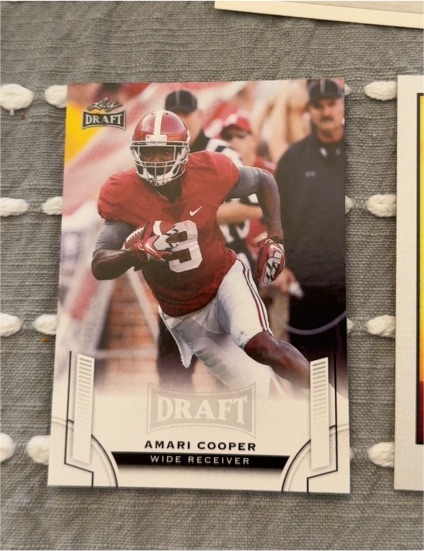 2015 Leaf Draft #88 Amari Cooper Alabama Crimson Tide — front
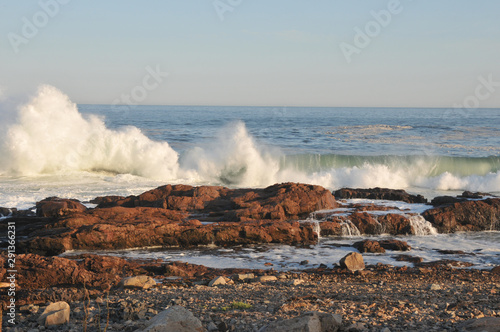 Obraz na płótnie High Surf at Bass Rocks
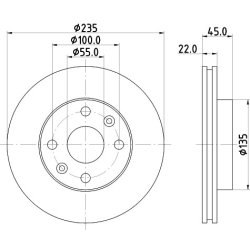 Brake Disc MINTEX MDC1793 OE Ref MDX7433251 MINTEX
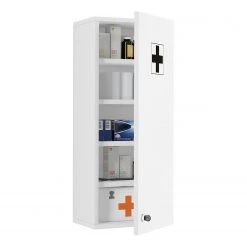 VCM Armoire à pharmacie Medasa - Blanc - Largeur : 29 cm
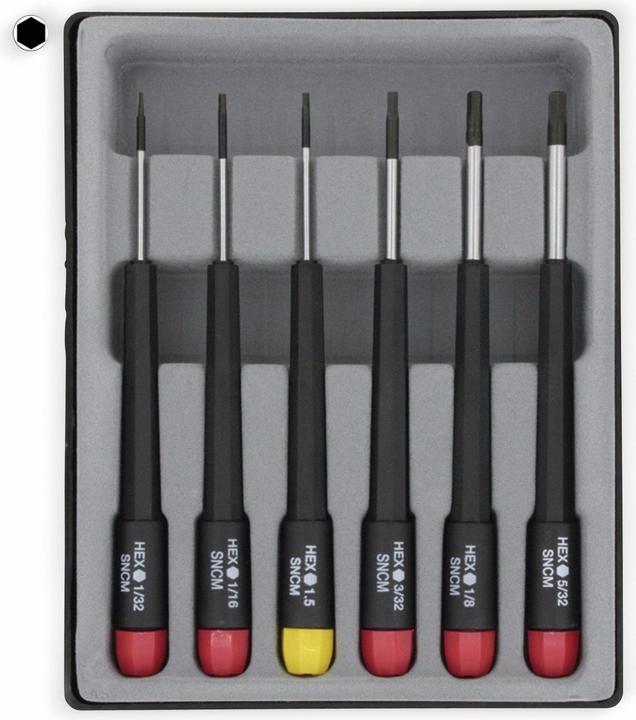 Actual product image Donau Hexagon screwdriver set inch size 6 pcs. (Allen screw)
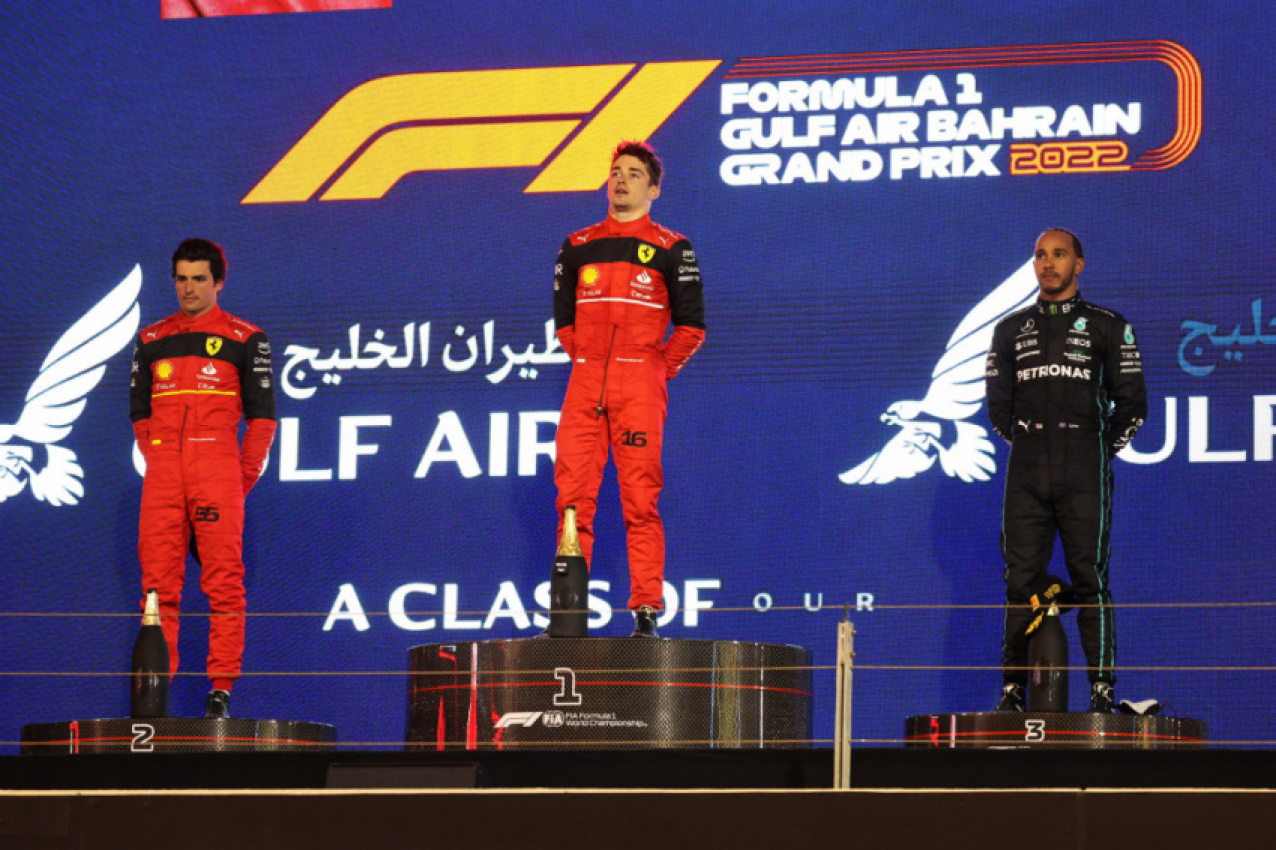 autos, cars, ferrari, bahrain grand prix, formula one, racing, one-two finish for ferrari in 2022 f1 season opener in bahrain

--- --- ---

- What you should do
All entries above should be printed exactly, though without their pictures.

- Written response
 2015 Leaf Draft #88 Amari Cooper Alabama Crimson Tide — front
 Obraz na płótnie High Surf at Bass Rocks
 Brake Disc MINTEX MDC1793 OE Ref MDX7433251 MINTEX
 VCM Armoire à pharmacie Medasa - Blanc - Largeur : 29 cm
 Actual product image Donau Hexagon screwdriver set inch size 6 pcs. (Allen screw)
 autos, cars, ferrari, bahrain grand prix, formula one, racing, one-two finish for ferrari in 2022 f1 season opener in bahrain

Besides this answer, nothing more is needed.